BaddaBlog

Wednesday, March 01, 2006

Lent: Giving Up Democracy

America is becoming a democracy. Maybe we've getting more and more democratic... and that we started on this road some time in the last century. Maybe sometime in the 1800s. Who knows, maybe earlier.

In any case, we didn't start out that way and the very idea of becoming a democracy should scare us greatly.
...The word "democracy" appears in neither of our founding documents -- the Declaration of Independence nor the U.S. Constitution.

Most Americans know what I'm talking about. (I don't believe most Americans are dumb or ignorant... I know too many folks on both sides of the political spectrum that get elitist and condescending about how the other people just arn't as smart as they are. That shit bugs me.)

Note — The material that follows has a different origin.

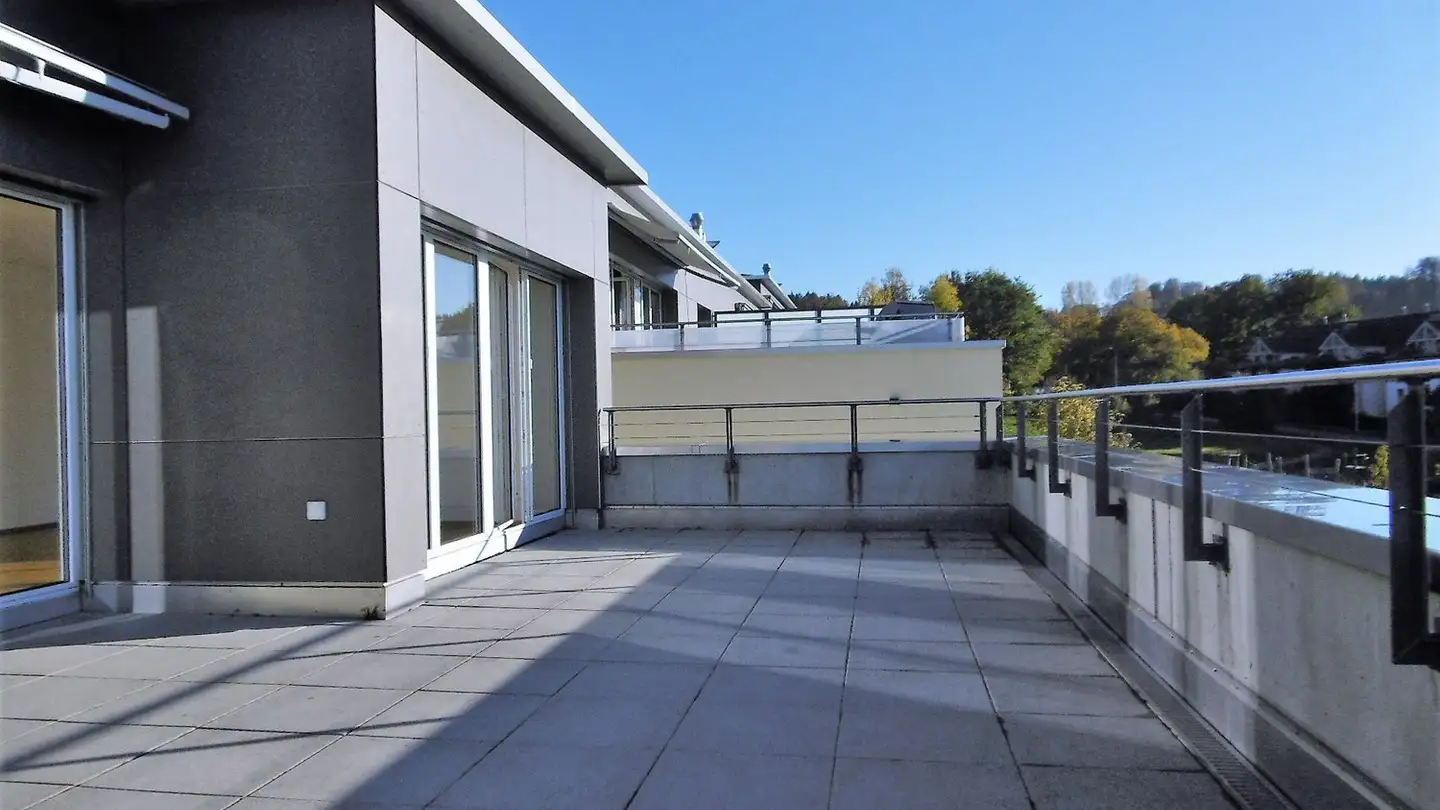 Penthouse for rent - Schürlirain 1, 3172 Niederwangen b. Bern - Photo 2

Williams puts it much better than my talents allow.
Our nation's founders had disdain for democracy and majority rule. James Madison, in Federalist Paper No. 10, said in a pure democracy, "there is nothing to check the inducement to sacrifice the weaker party or the obnoxious individual." During the 1787 Constitutional Convention, Edmund Randolph said that "in tracing these evils to their origin every man had found it in the turbulence and follies of democracy."

John Adams said, "Remember, democracy never lasts long. It soon wastes, exhausts, and murders itself. There was never a democracy yet that did not commit suicide." Chief Justice John Marshall added, "Between a balanced republic and a democracy, the difference is like that between order and chaos." The founders knew that a democracy would lead to the same kind of tyranny suffered under King George III. Their vision for us was a republic.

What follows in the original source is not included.